Only the numbers seem to change year to year. All told, Scott explained, the city would need to kick more than $280 million more toward infrastructure each year to maintain the assets we have now. That’s about $12 million more than the number he rattled off last year.
Meanwhile, 43 percent of Portland’s transportation infrastructure is in poor or very poor condition, according to the city.
Maybe it’s all this repetition that made me perk up last Friday, when Mayor Ted Wheeler started talking about municipal bonds.
Tucked into Wheeler’s first State of the City Address—between a pledge to further regulate landlords and fanciful visions of Willamette River swimming holes—the mayor dropped a brand new plan that elicited claps from a stingy crowd.

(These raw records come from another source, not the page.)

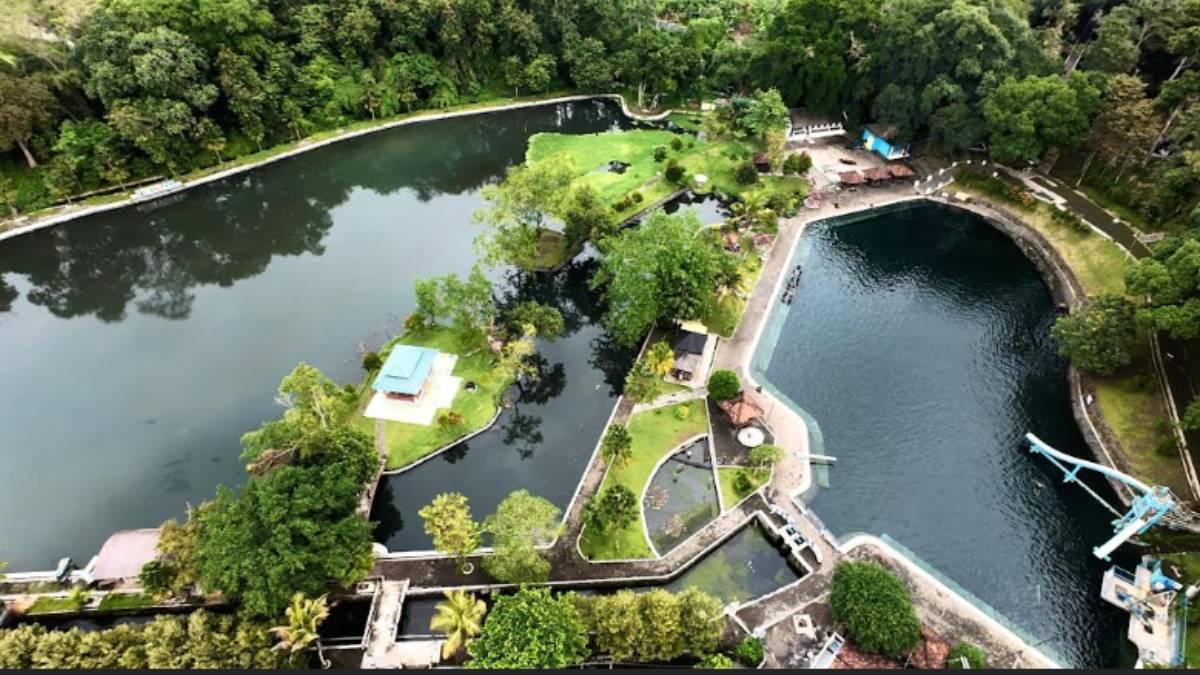 Dibuka, Seleksi Mitra KSP Pengelolaan Wisata Selokambang Kabupaten Lumajang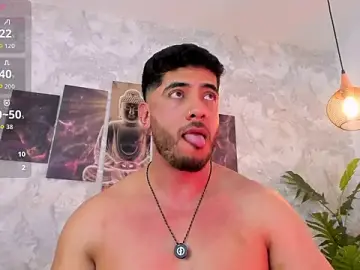 Stripchat Free Live Porn of Nate_franco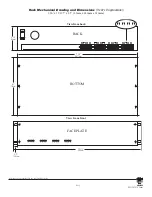 Предварительный просмотр 4 страницы Altronix R615DC1016CB Installation Manual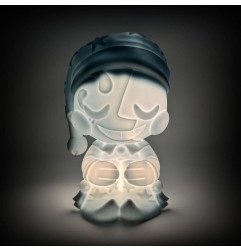 Five Nights at Freddy's - Veilleuse Moon Night Light 17 cm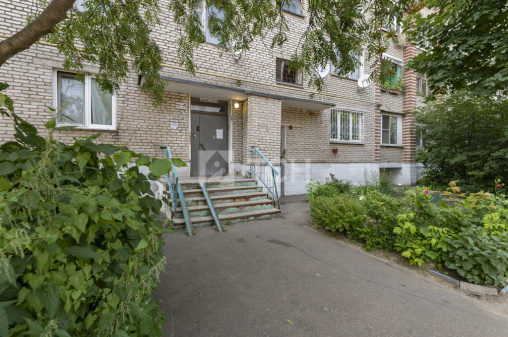 2-комн. квартира, Пушкино, улица Разина, 11, #id1673764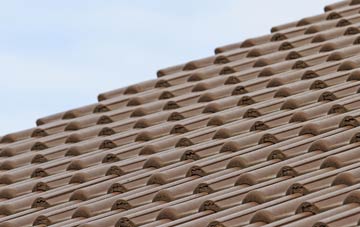 plastic roofing Nedging, Suffolk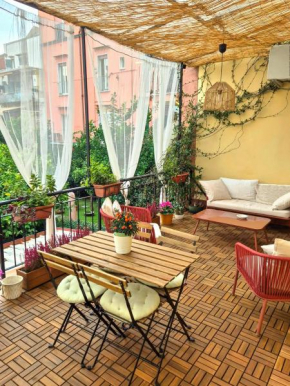 La Terrazza al Museo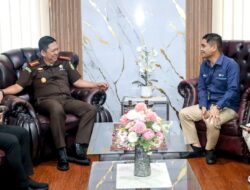 PLN UP3 PURWAKARTA JALIN SINERGI DENGAN KEJAKSAAN NEGERI SUBANG UNTUK DUKUNG PENGAMANAN ASET PLN DAN PELAYANAN KELISTRIKAN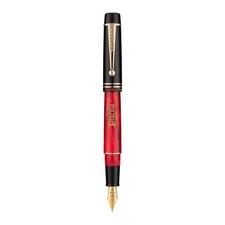 New LeBoeuf Dracula Limited Edition  Fountain Pen F,M,B picture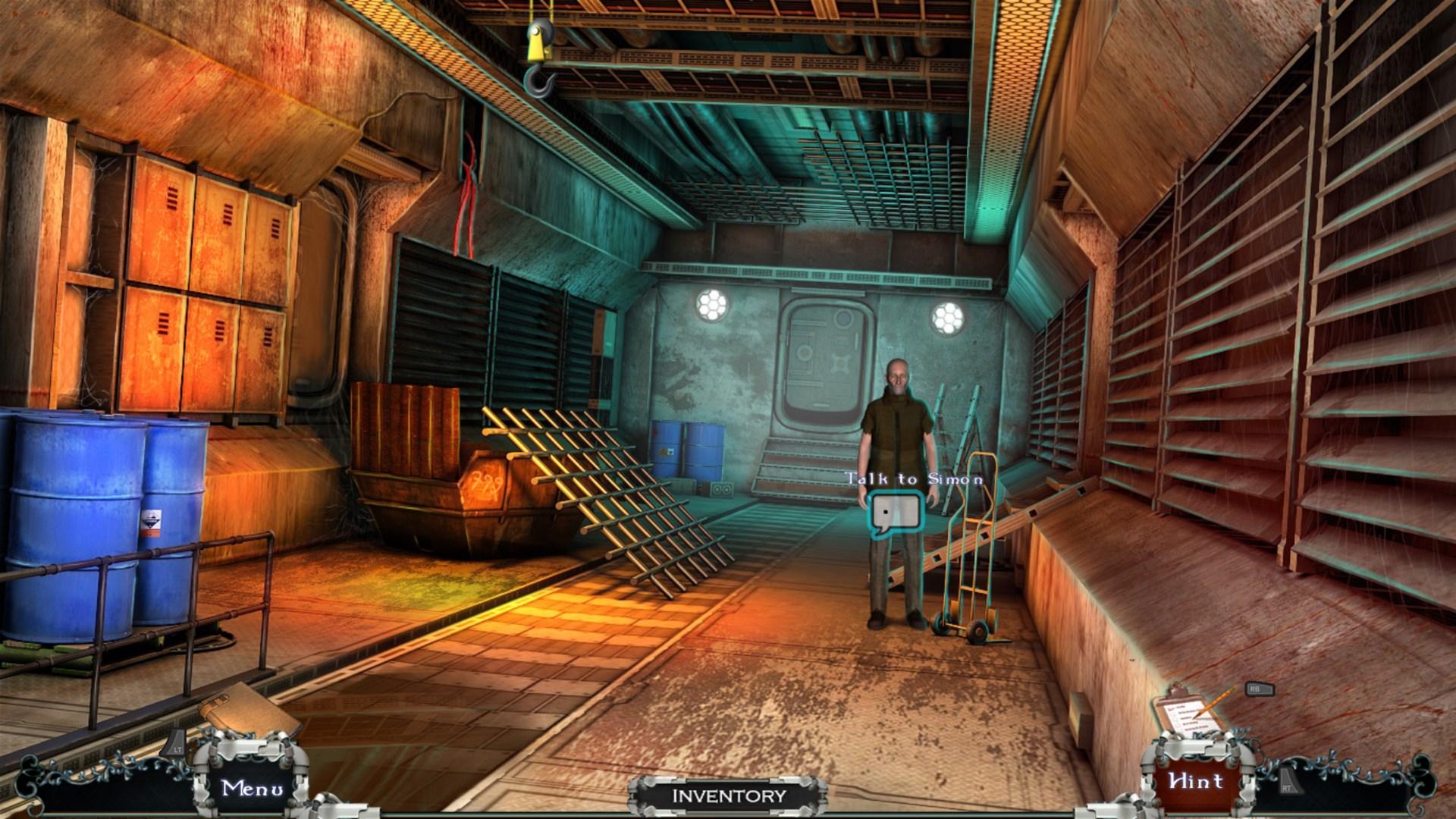 Screen Shot image 11 Greed 2: Forbidden Experiments اكسبوكس 1 / إكس بوكس سيريس X|S حساب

It’s a proposal certain to please Scott, and pretty clearly had the budget director’s influence.
The plan is to use millions of dollars that will soon be freed up from Portland’s urban renewal areas (URAs)—geographic zones that snatch up property tax money to pay for improvements within their boundaries.
With several URAs slated to expire in coming years, the money they’ve been scooping up will find its way back to Portland’s tax rolls. Wheeler wants to use that cash to pay for millions in bonds to fund repairs throughout the city.
“We can no longer put off needed investments in this area,” Wheeler said “The time for talk is done. The time for action is now.”
“Now” as in this budget. Wheeler’s office also says it will propose borrowing $50 million for infrastructure repairs. As URAs continue to expire, and available cash balloons, the city could see bonds of $100 million or even $150 million in coming years, according to Wheeler spokesperson Michael Cox.
There’s even a name for the idea: Rebuild Portland.
The beauty of the proposal is that—unlike a “street fee” former Commissioner Steve Novick and former Mayor Charlie Hales ruffled feathers by promoting years ago—it doesn’t require citizens to pay anything extra.
That’s not the same as saying it doesn’t have a cost. The money generated by URAs has long been a central source of funding for affordable housing in the city. Loss of that money could be sharply felt.
Which means that, as with anything involving newly available money, this conversation could become heated fairly quickly. But it’s necessary, and it’s to Wheeler’s wonky credit that it’s happening sooner rather than later.